* Data *
◆ ◆ ◆ ◆ ◆

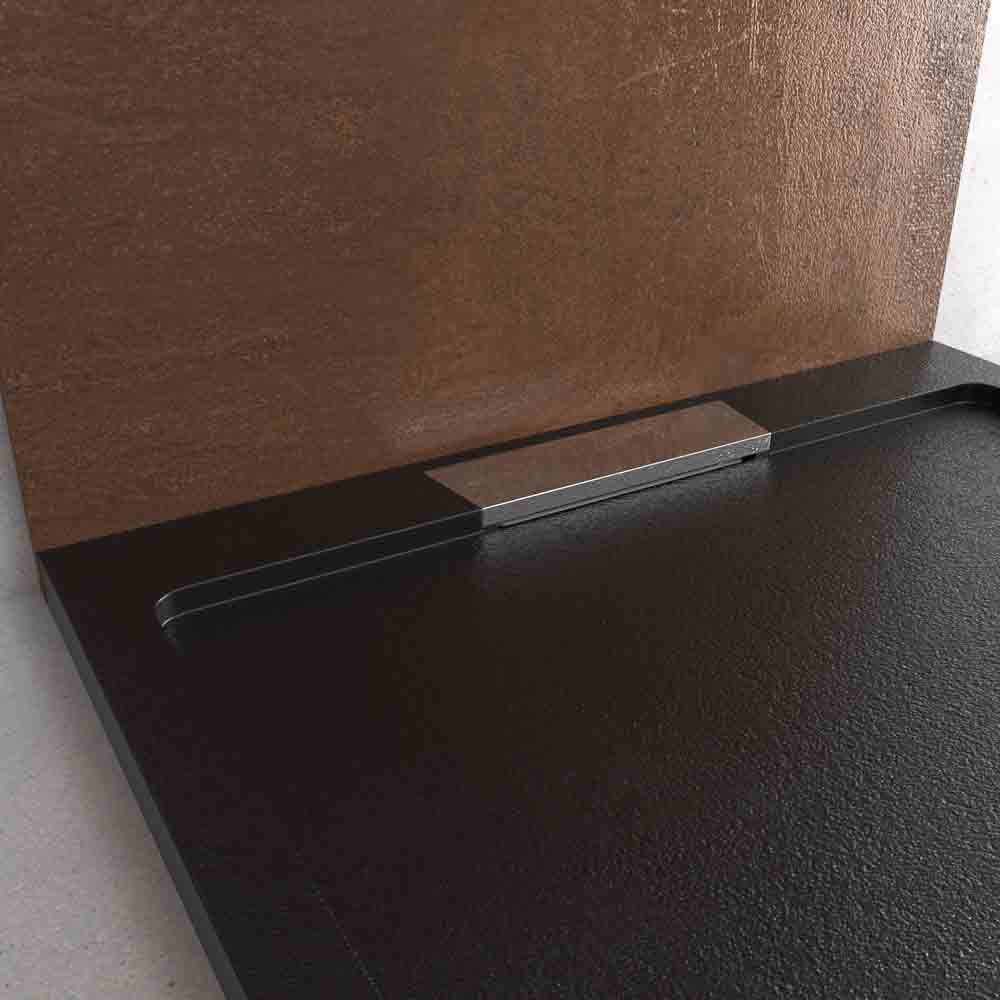 Plato ducha resina STYLE - color negro RAL-9005 y otros - textura pizarra - antibacteriano y antideslizante. Rejilla oculta - Imagen 5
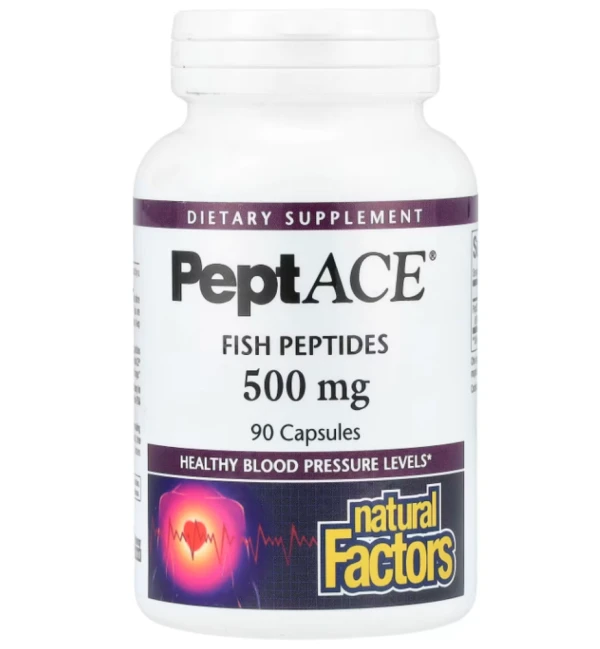 Natural Factors, PeptACE, Fish Peptides, 500 mg, 90 Capsules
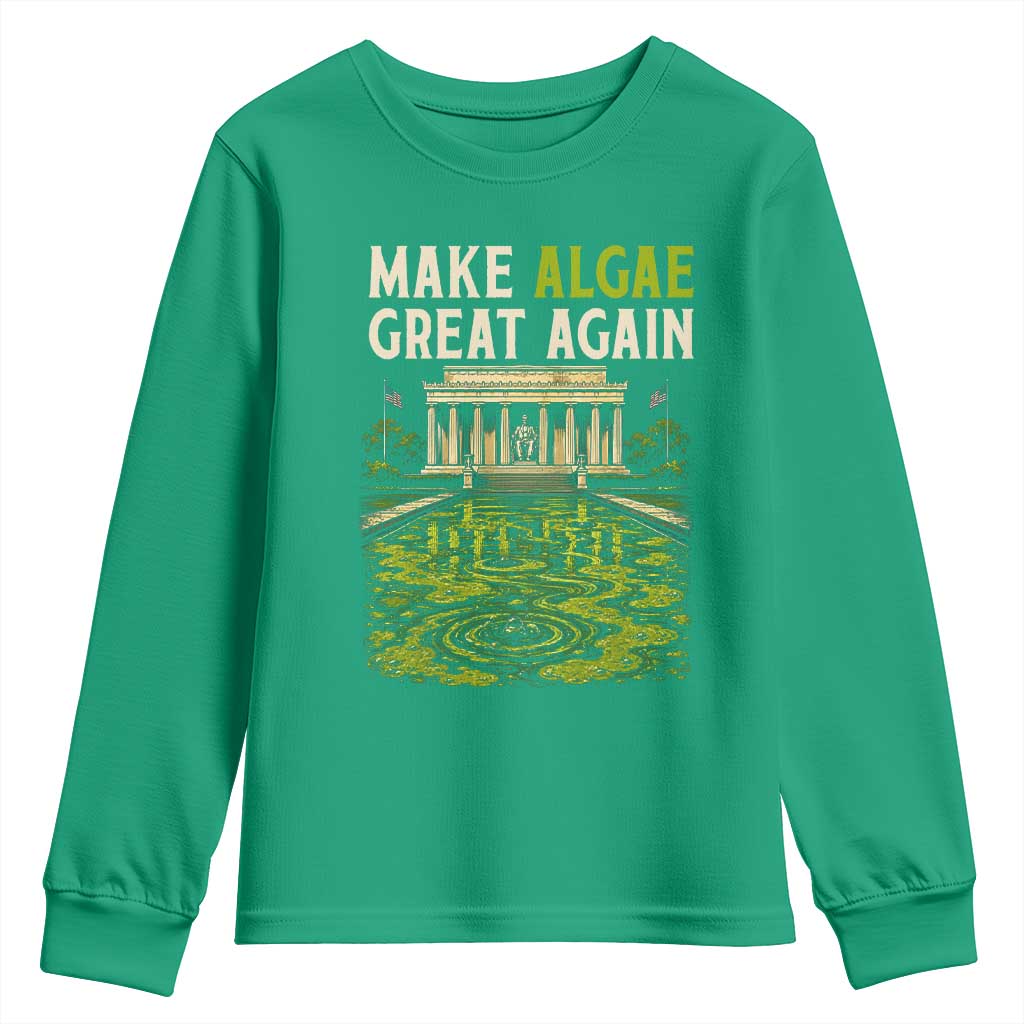 Make Algae Great Again Lincoln Memorial Reflecting Pool Graphic Youth Sweatshirt Funny Washington DC Viral Swamp Meme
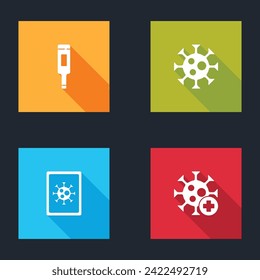 Set Medical thermometer, Virus, statistics on monitor and Positive virus icon. Vector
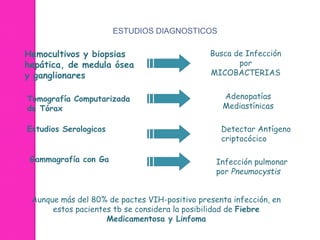 ESTUDIOS DIAGNOSTICOS 
Hemocultivos y biopsias 
hepática, de medula ósea 
y ganglionares 
Busca de Infección 
por 
MICOBACTERIAS 
Tomografía Computarizada 
de Tórax 
Adenopatías 
Mediastínicas 
Estudios Serologicos Detectar Antígeno 
criptocócico 
Gammagrafía con Ga Infección pulmonar 
por Pneumocystis 
Aunque más del 80% de pactes VIH-positivo presenta infección, en 
estos pacientes tb se considera la posibilidad de Fiebre 
Medicamentosa y Linfoma 
 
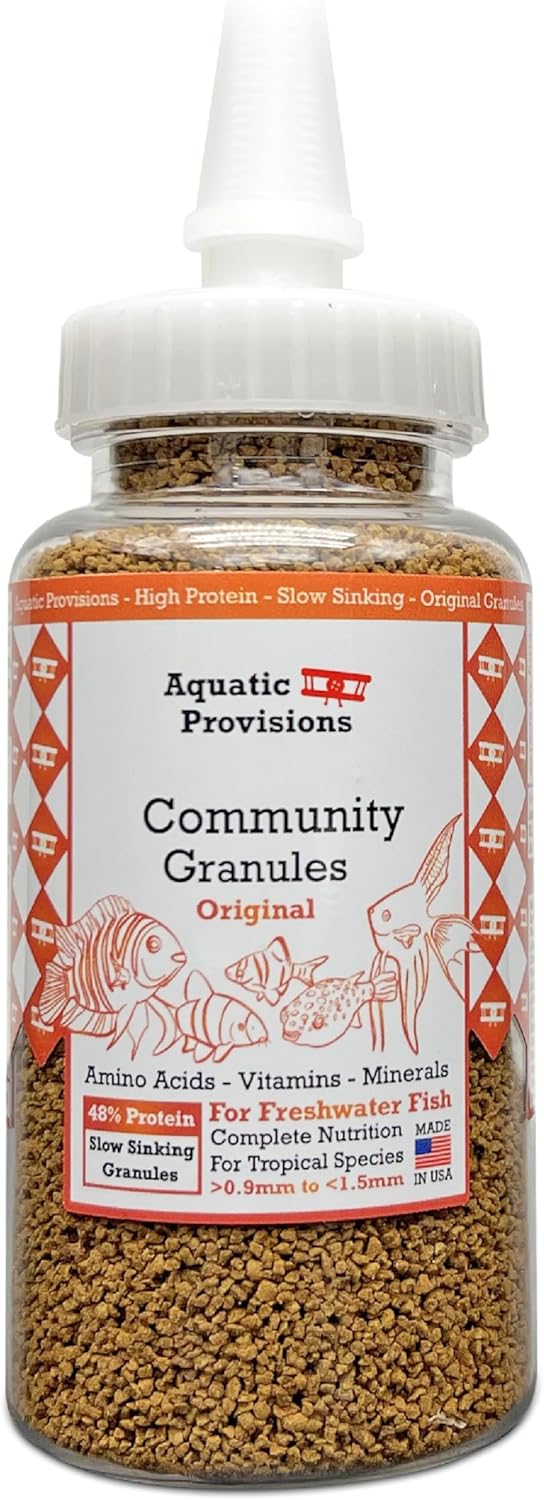 High-Protein Aquatic Provisions Community Fish Food Granules 3.17 oz Slow Sinking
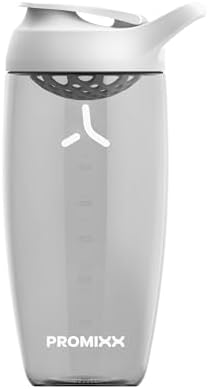 Promixx Pursuit Protein Shaker Bottle - Premium Shaker for Protein Shakes - Lifetime Durability, Leakproof, Odourless - 700ml / 24oz (Arctic White)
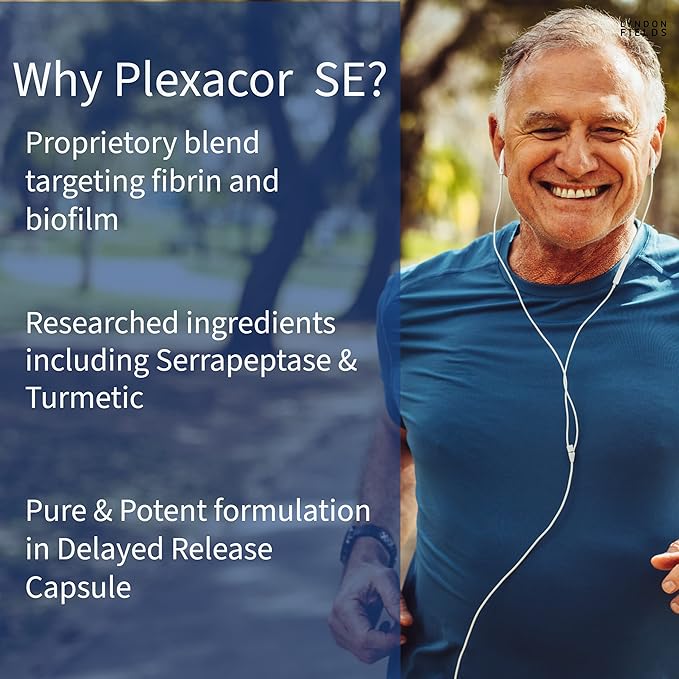 New Plexacor Multi-Enzymes Fibrin Defense 6-in-1 SuperEnzyme Blend with Rutin Serrapeptase &amp Superior Turmeric for Healthy Immune Support - 120 Count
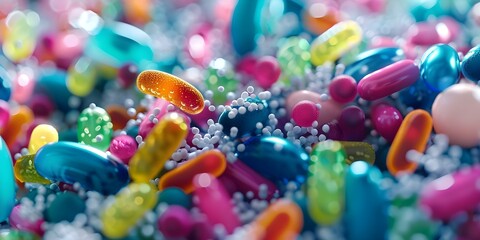 Exploring the Human Microbiome Close-up View of Microbes, Bacteria, Viruses, and Genetic Material. Concept Microbiome Exploration, Close-up View, Bacteria, Viruses, Genetic Material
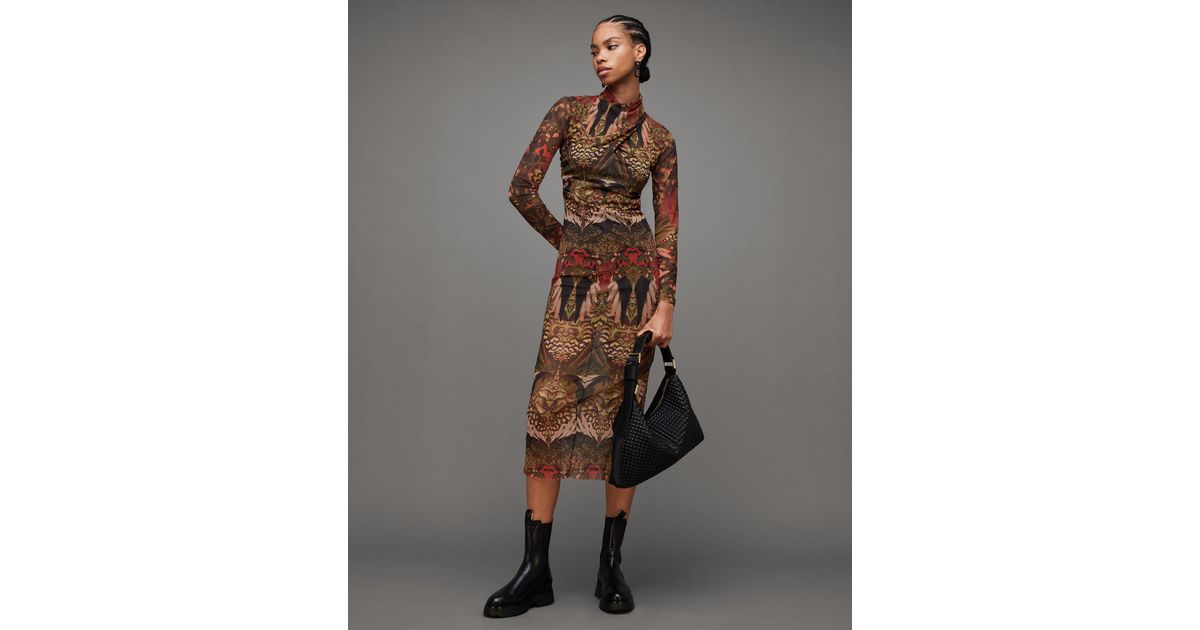 tia mesh gene dress AllSaints Tia Mesh Gene Dress in Brown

◆ ◆ ◆ ◆ ◆

* Problem description *
Starting with the line that holds "Tomografía Computarizada", retype each line through the last one in the listing above, exactly as written. Do not copy any pictures.

* Written solution *
Tomografía Computarizada 
de Tórax 
Adenopatías 
Mediastínicas 
Estudios Serologicos Detectar Antígeno 
criptocócico 
Gammagrafía con Ga Infección pulmonar 
por Pneumocystis 
Aunque más del 80% de pactes VIH-positivo presenta infección, en 
estos pacientes tb se considera la posibilidad de Fiebre 
Medicamentosa y Linfoma 
 
 High-Protein Aquatic Provisions Community Fish Food Granules 3.17 oz Slow Sinking
 Promixx Pursuit Protein Shaker Bottle - Premium Shaker for Protein Shakes - Lifetime Durability, Leakproof, Odourless - 700ml / 24oz (Arctic White)
 New Plexacor Multi-Enzymes Fibrin Defense 6-in-1 SuperEnzyme Blend with Rutin Serrapeptase &amp Superior Turmeric for Healthy Immune Support - 120 Count
 Exploring the Human Microbiome Close-up View of Microbes, Bacteria, Viruses, and Genetic Material. Concept Microbiome Exploration, Close-up View, Bacteria, Viruses, Genetic Material
 tia mesh gene dress AllSaints Tia Mesh Gene Dress in Brown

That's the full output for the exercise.